As the above figures of density curves show, both parameters $a$ and $b$ drive the shape of the beta distribution. Several of the distributional quantities are also easily derived from $a$ and $b$. For example, the moments of the beta distribution are easily derived. As a result, many distributional quantities that are based on moments can be calculated in a straightforward fashion, e.g. coefficient of variation, skewness, kurtosis. These in turn can shed more light on the beta distribution.

\displaystyle \begin{aligned} E(X^k)&=\int_0^1 x^k \ \frac{\Gamma(a+b)}{\Gamma(a) \ \Gamma(b)} \ x^{a-1} \ (1-x)^{b-1} \ dx \\&=\int_0^1 \frac{\Gamma(a+b)}{\Gamma(a) \ \Gamma(b)} \ x^{a+k-1} \ (1-x)^{b-1} \ dx \\&=\frac{\Gamma(a+k)}{\Gamma(a)} \frac{\Gamma(a+b)}{\Gamma(a+b+k)} \ \int_0^1 \frac{\Gamma(a+b+k)}{\Gamma(a+k) \ \Gamma(b)} \ x^{a+k-1} \ (1-x)^{b-1} \ dx\\&=\frac{\Gamma(a+k)}{\Gamma(a)} \frac{\Gamma(a+b)}{\Gamma(a+b+k)} \ \ \ \ \ \ \ \ \ \ \ \ \ \ \ \ \ \ \ \ \ \ \ \ \ \ \ \ k \text{ is a real number with } k>-a \\&=\frac{a(a+1) \cdots (a+k-1)}{(a+b)(a+b+1) \cdots (a+b+k-1)} \ \ \ \ \ \ \ \ \ k \text{ is a positive integer} \ \ \ \ \ \ \ \ \ \ \ \ (4) \end{aligned}

The trick is to make the integrand the density of a beta distribution (in this case beta parameters $a+k$ and $b$). Then the contents that can be taken out of the integral would be the answer.
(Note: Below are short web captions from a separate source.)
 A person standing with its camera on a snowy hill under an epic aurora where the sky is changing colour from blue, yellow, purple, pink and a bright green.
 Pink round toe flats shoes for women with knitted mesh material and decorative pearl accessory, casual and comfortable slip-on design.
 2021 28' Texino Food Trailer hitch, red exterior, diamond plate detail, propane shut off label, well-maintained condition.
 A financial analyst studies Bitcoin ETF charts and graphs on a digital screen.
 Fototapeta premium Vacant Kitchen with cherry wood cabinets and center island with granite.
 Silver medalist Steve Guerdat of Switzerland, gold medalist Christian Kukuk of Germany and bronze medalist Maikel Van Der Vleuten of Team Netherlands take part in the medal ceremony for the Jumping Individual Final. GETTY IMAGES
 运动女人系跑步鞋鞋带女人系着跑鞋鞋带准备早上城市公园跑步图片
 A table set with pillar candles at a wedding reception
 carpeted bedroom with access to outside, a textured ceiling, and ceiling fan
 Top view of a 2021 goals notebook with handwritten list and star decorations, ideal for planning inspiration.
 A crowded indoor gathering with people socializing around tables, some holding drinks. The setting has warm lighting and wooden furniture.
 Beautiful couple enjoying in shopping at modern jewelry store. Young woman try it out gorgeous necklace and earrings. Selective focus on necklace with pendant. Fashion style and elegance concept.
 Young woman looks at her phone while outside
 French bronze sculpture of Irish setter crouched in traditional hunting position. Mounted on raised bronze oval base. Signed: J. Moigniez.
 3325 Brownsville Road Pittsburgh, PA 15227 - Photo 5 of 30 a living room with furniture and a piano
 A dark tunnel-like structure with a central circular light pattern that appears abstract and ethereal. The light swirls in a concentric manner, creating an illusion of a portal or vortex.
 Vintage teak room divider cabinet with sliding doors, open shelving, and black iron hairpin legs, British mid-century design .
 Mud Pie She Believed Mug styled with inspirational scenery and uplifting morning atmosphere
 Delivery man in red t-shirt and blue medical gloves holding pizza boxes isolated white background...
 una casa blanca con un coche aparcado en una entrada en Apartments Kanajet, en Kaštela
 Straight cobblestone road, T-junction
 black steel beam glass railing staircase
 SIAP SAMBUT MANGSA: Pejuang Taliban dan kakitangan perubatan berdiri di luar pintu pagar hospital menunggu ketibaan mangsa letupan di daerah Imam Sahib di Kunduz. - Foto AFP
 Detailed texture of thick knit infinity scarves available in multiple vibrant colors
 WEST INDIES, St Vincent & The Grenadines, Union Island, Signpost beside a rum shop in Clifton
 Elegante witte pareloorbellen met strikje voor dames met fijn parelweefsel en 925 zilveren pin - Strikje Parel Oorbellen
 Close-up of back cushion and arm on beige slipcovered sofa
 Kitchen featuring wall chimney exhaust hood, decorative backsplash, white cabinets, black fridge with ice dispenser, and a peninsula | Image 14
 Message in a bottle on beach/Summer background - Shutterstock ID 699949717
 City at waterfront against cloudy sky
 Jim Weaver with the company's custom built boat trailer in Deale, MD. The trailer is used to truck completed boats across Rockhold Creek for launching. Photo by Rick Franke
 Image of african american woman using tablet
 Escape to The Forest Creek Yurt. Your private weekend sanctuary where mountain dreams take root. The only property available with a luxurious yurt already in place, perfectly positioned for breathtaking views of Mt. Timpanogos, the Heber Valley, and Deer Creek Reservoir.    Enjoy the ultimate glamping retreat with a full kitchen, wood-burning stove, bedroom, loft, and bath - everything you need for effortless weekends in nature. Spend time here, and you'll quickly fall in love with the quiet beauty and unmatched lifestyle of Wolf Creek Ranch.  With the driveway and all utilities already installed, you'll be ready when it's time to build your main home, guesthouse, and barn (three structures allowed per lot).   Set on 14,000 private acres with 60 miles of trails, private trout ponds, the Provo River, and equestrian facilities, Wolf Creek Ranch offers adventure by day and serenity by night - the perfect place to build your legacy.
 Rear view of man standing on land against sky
To get the final expression of $E(X^k)$, we rely on a fact of the gamma function, which is that $\Gamma(\alpha+k)=\Gamma(\alpha) \ \alpha (\alpha+1) \cdots (\alpha+k-1)$. Thus the first four moments of the beta distribution are:

$\displaystyle E(X)=\frac{a}{a+b}$

$\displaystyle E(X^2)=\frac{a(a+1)}{(a+b)(a+b+1)}$

$\displaystyle E(X^3)=\frac{a(a+1)(a+2)}{(a+b)(a+b+1)(a+b+2)}$

$\displaystyle E(X^4)=\frac{a(a+1)(a+2)(a+3)}{(a+b)(a+b+1)(a+b+2)(a+b+3)}$

Here are some calculations that can be made using the first four moments established above.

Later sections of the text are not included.